• **Exercise inputs**:
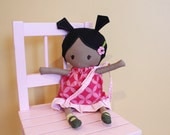 Cloth Rag Doll baby toy  fabric soft dress diaper cute sweet stuffed modern baby shower gift newborn gift ready to ship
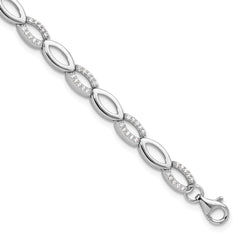 Cheryl M Sterling Silver Rhodium-plated Brilliant-cut CZ Marquise Shaped Link 7 Inch Bracelet with 1 Inch Extender QCM1666-7
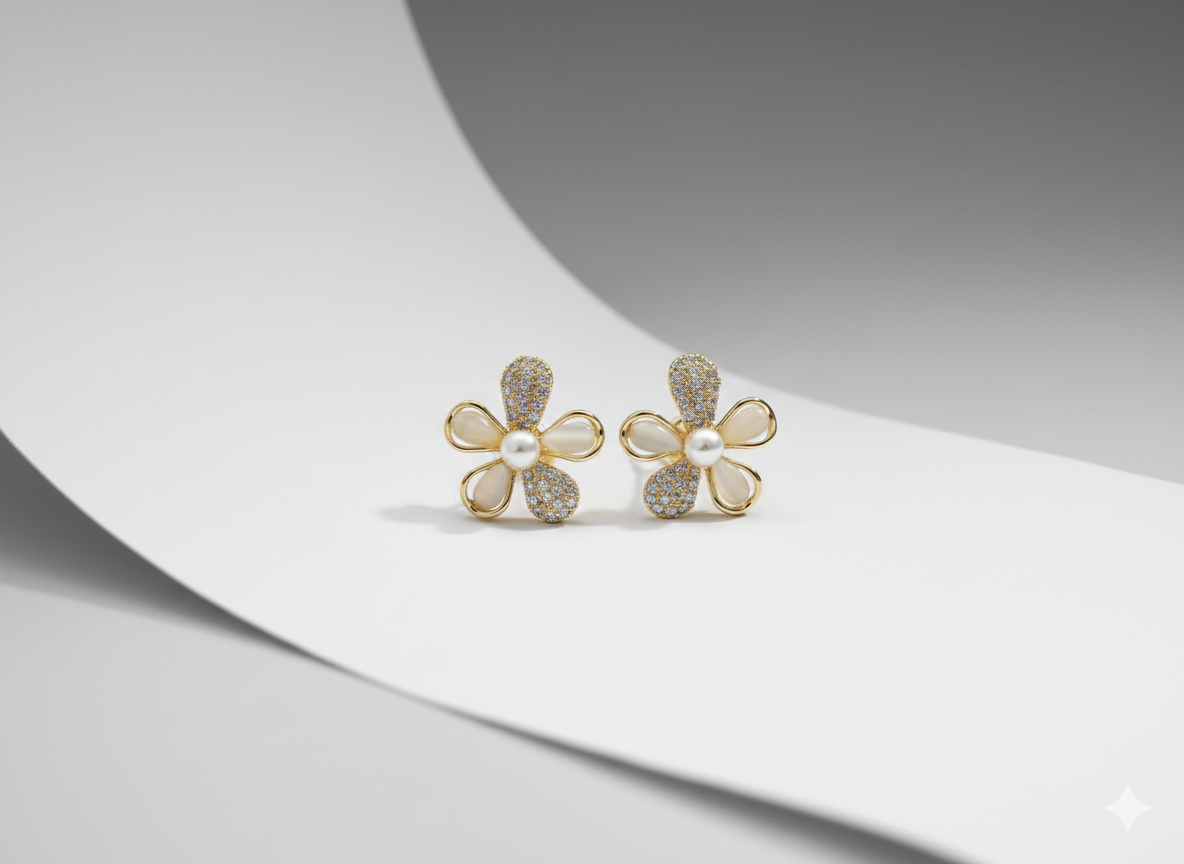 IKEAPK Copper White Flower Earrings for Women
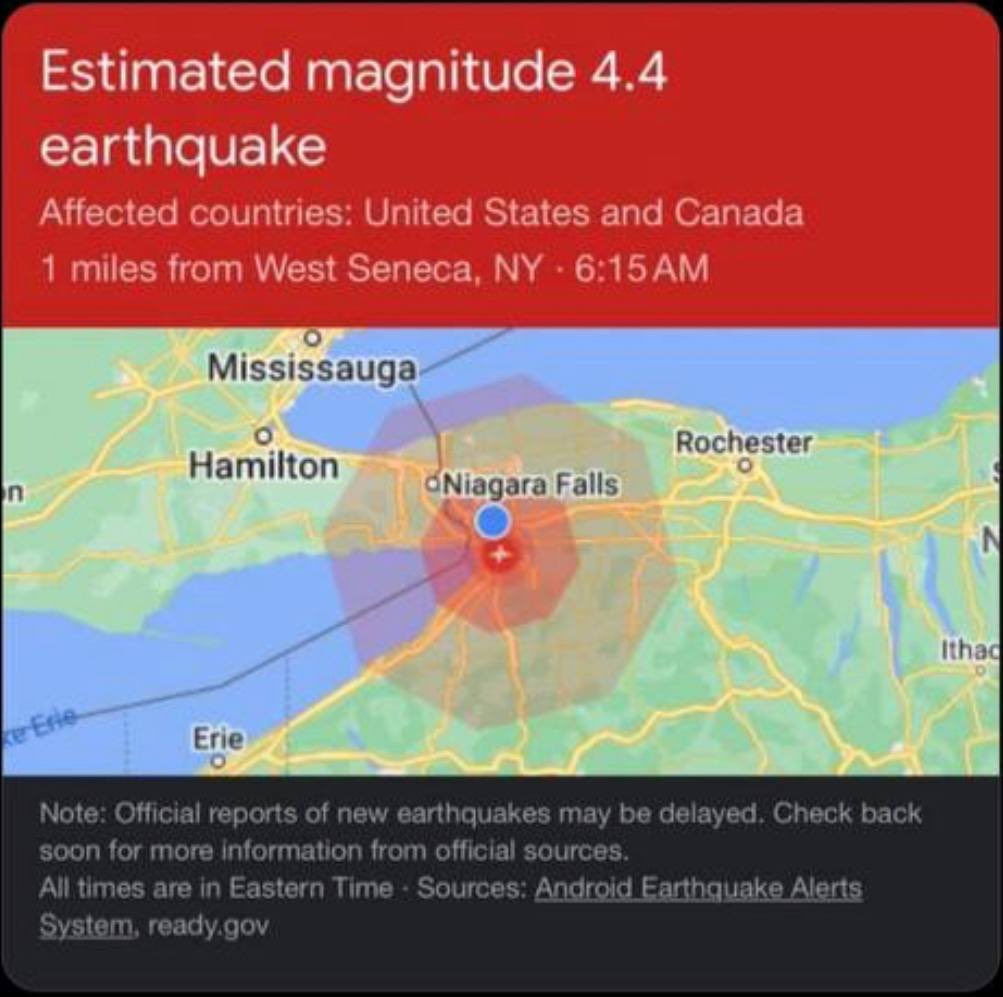 MASA on Twitter "4.4 earthquake near Buffalo and Niagara Falls,NY!"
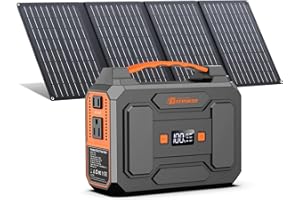 ZEROKOR Portable Power Station with Foldable 40W Solar Panel, 100W Solar Powered Generator with Panels,110V AC Outlet Camping Solar Power Bank 146Wh DC Battery Pack for Smart Device RV Outdoor Power Outage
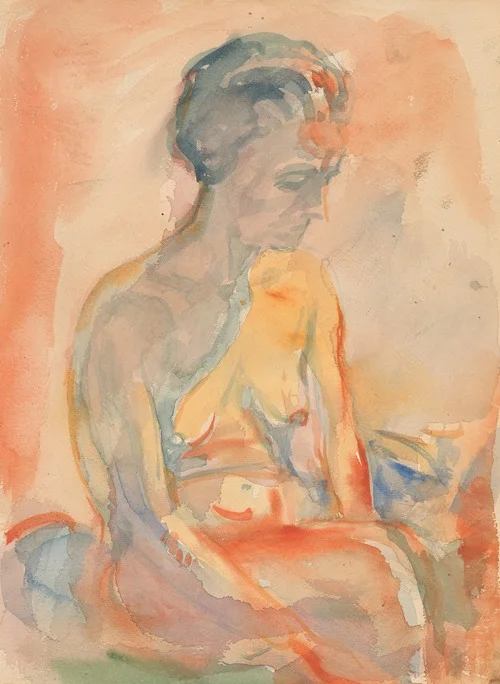 Sittende kvinnelig akt i sidelys (1923-1933)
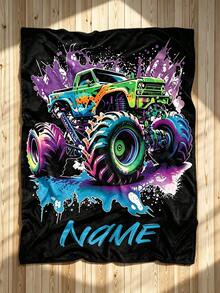 Personalized Monster Truck Throw Blanket For Kids, Custom Name Colorful Cartoon Lightweight Blanket, Soft Warm Winter Blanket, Suitable For Kids - Multicolor - View 5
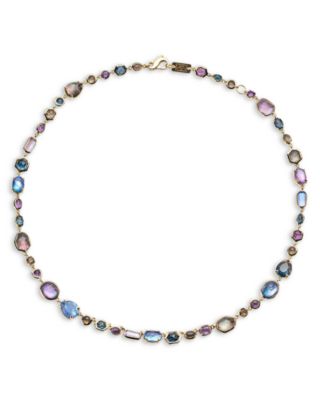 18K Yellow Gold Rock Candy Multi Gemstone Mixed Size Collar Necklace, 17.75"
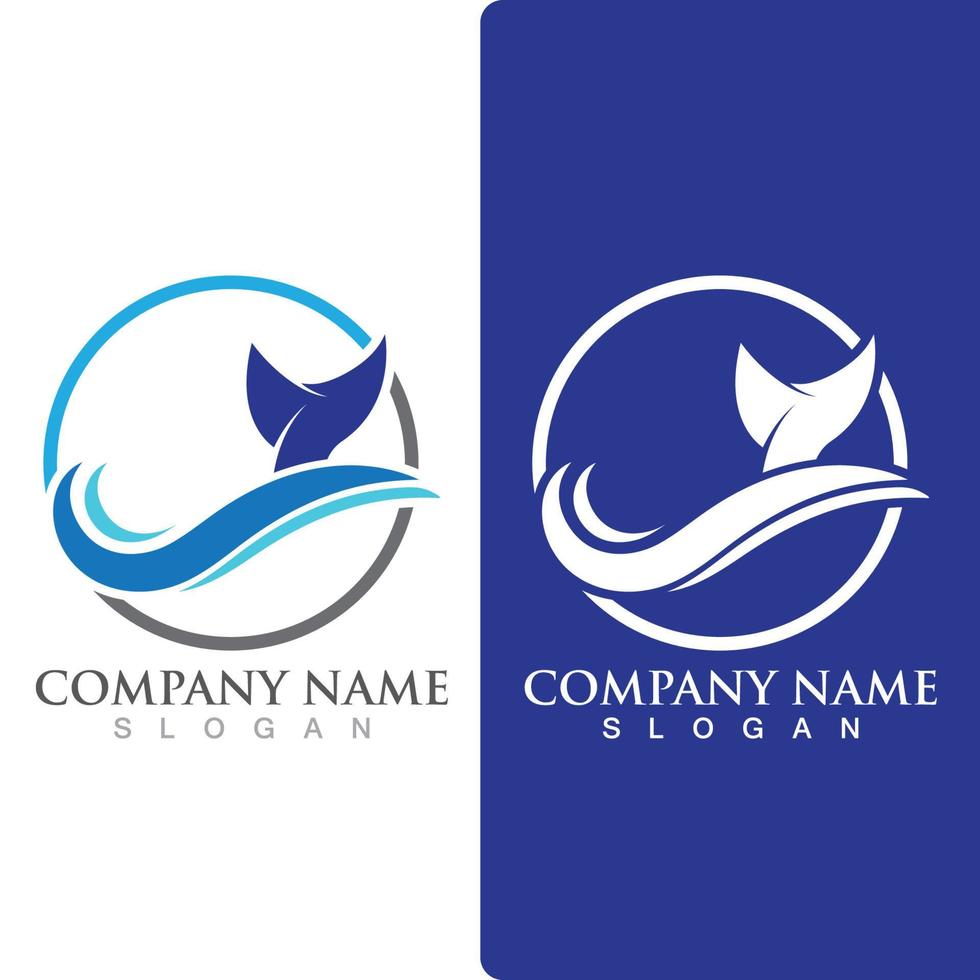 Wave beach logo ocean vector template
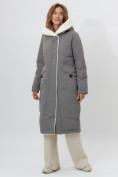 Оптом Пальто утепленное женское зимние серого цвета 112288Sr в Екатеринбурге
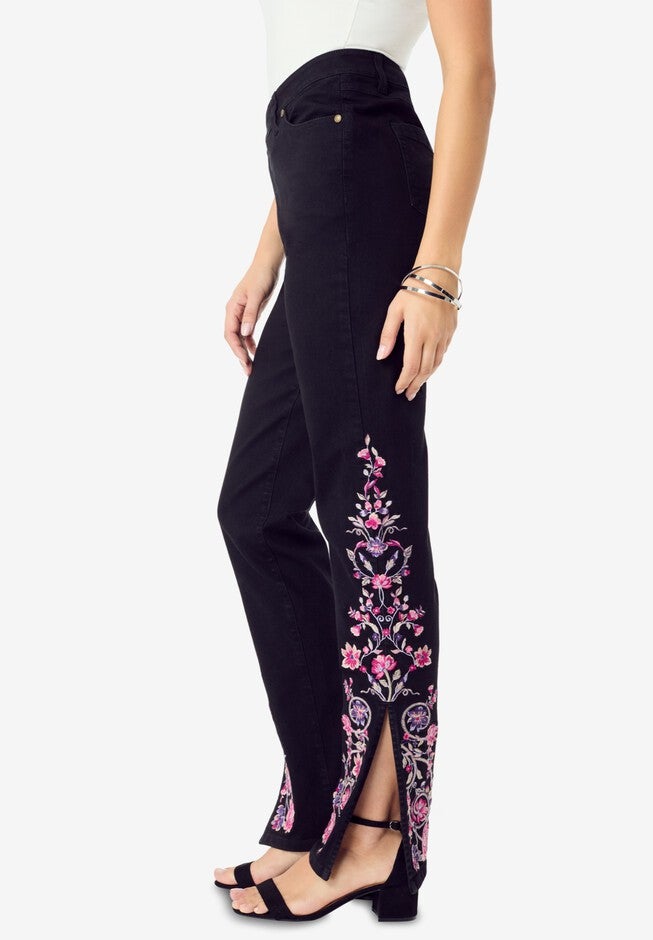 Invisible Stretch® Embroidered Split Flare-Leg Jean, BLACK VINE, alternate image number null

• **Required work**: Set down nothing but the lines from the one containing "Оптом Пальто утепленное" to the final line above, both included, with every picture left out.

• **Result of this exercise**:
 Оптом Пальто утепленное женское зимние серого цвета 112288Sr в Екатеринбурге
 Invisible Stretch® Embroidered Split Flare-Leg Jean, BLACK VINE, alternate image number null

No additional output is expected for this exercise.